HERRENMAGAZIN starteten dann überpünktlich mit einem Intro von MARLENE DIETRICH („Wenn ich mir was wünschen dürfte“) stilvoll in das Set. Und bereits als zweiten eigenen Song spielten sie „In den dunkelsten Stunden“. Da gab es spätestens für mich kein Halten mehr. Ich liebe diesen Song einfach. Der Rest um mich herum war da noch etwas verhaltener. Doch das sollte sich im Laufe des Abends ändern, denn mit zunehmender Spieldauer nahm die Euphorie im Raum zu. Die Band war zudem sehr gut aufgelegt, es gab einige Anekdoten und auch die ein oder andere Publikumsinteraktion. Dazu beigetragen hat die auch seitlich offene Bühne, wo einige Besucher:innen standen. Die Band hat somit zwei Seiten bespielt und das souverän gemeistert. Das neue Album „Du hast hier nichts verloren“ war mit acht Songs stark vertreten, und vor allem „Alter Debütant“ und „Fragment“ sind live auch wirkliche Banger.

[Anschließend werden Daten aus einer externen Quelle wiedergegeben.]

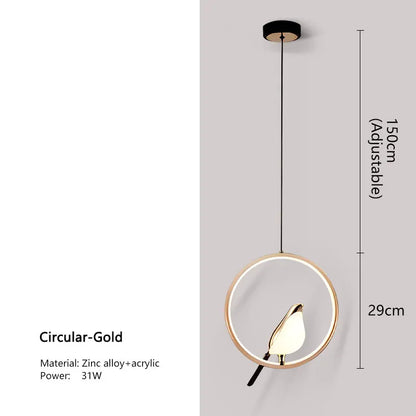 LED-Pendelleuchte „Elstervogel“ – Modernes nordisches Design
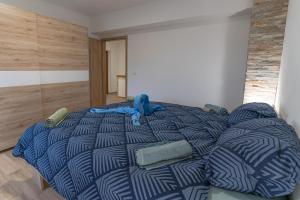阿伊多夫什契纳Apartma Valič的一张蓝色床罩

Ein wenig Gänsehaut gab es dann auch noch beim ruhigen „Ich bin für dich da“. Was auffiel, wie viele Menschen die Texte mitsingen konnten und zwar nicht nur bei zwei oder drei bekannten Liedern, sondern die eine oder der andere haben wirklich fast alle Lieder mit gegrölt. Durch den frühen Beginn hatten wir dann kein Problem, noch den letzten Zug nach Nürnberg zu bekommen, der – wie sollte es auch anders sein bei der Deutschen Bahn – natürlich zu spät losfuhr. Und total voll mit Fußballfans war, da am Abend der BVB in München gastierte. Aber immerhin blieb alles friedlich im Zug, und man konnte das sehr schöne Konzert nochmal Revue passieren lassen.
CLICKCLICKDECKER – 21.10.2025 Club Stereo (Nürnberg)

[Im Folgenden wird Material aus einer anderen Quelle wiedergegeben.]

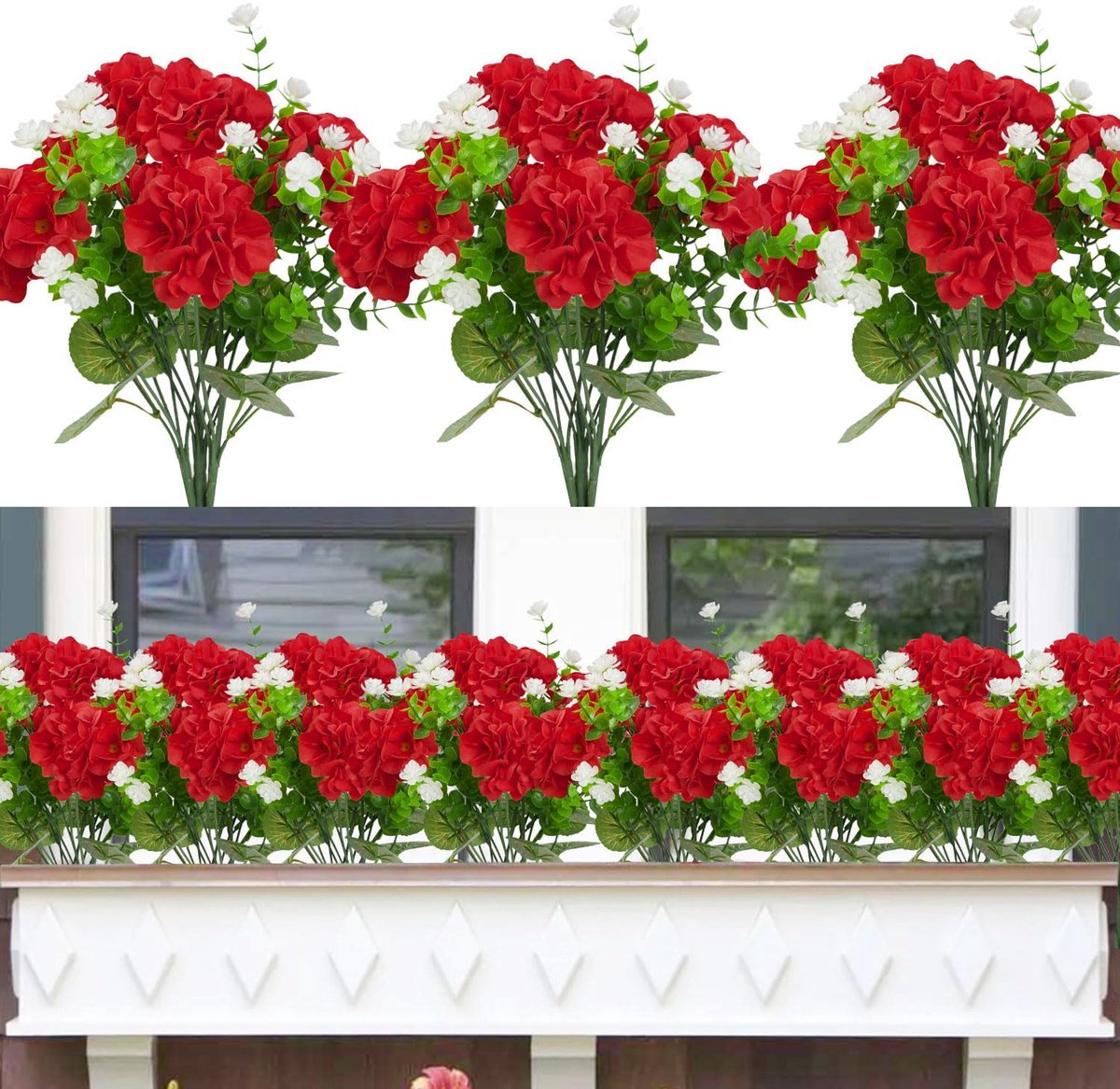 Kunstbloemen, balkon, kunstbloemen, net als echte kunstmatige geraniums, weerbestendig, balkonplanten, outdoor, uv-bestendig, voor balkon, tuin, raam, binnen en buiten, decoratie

Nur drei Tage später ging es schon zum nächsten Konzert. Leider verpassten wir die Vorband PETULA weil Konzerte im Club Stereo unter der Woche immer sehr früh anfangen (denn länger als 22 Uhr darf es dort nicht gehen). Aber immerhin schafften wir es genau rechtzeitig zum Start, der etwas kurios war. Die Band kommt auf die Bühne, macht noch so einen Mini-Soundcheck bzw. checkt noch kurz was ab, als ein Typ in der ersten Reihe Sänger Kevin zutextet. So genau habe ich es nicht verstanden, aber an Kevins Reaktion konnte man erkennen, dass er den Moment direkt vor Konzertbeginn nicht ideal für einen Plausch hält. Kevin hat dann sichtlich genervt einfach mitten in das Gelabere des Typen hinein das erste Lied begonnen. Das war wirklich etwas schräg, denn so gab es irgendwie keinen richtigen Start, sondern es begann irgendwie aus dem Nichts. Was ein wenig schade war, denn das sehr schöne Lied „Am Ende“ vom neuen Album ist somit etwas untergegangen. Ob das der Grund war, warum der Funke nur so halb heute übergesprungen ist? Schwer zu sagen, aber irgendwie agierte die Band ein wenig mit angezogener Handbremse. Im Laufe des Abends wurde es zwar besser, aber die Leichtigkeit, die man online bei den anderen CLICKCLICKDECKER-Konzerten sehen kann, stellte sich nicht ein. Eine Ausnahme war das von fast allen mitgesungene „Wer hat mir auf die Schuhe gekotzt“, was ziemlich am Ende der Setlist der Höhepunkt des Abends war. Und mir zusammen mit „Rumours & Prospekte“ am besten gefallen hat. Es war definitiv ein gutes Konzert, aber irgendwie wäre wohl unter anderen Umständen mehr drin gewesen.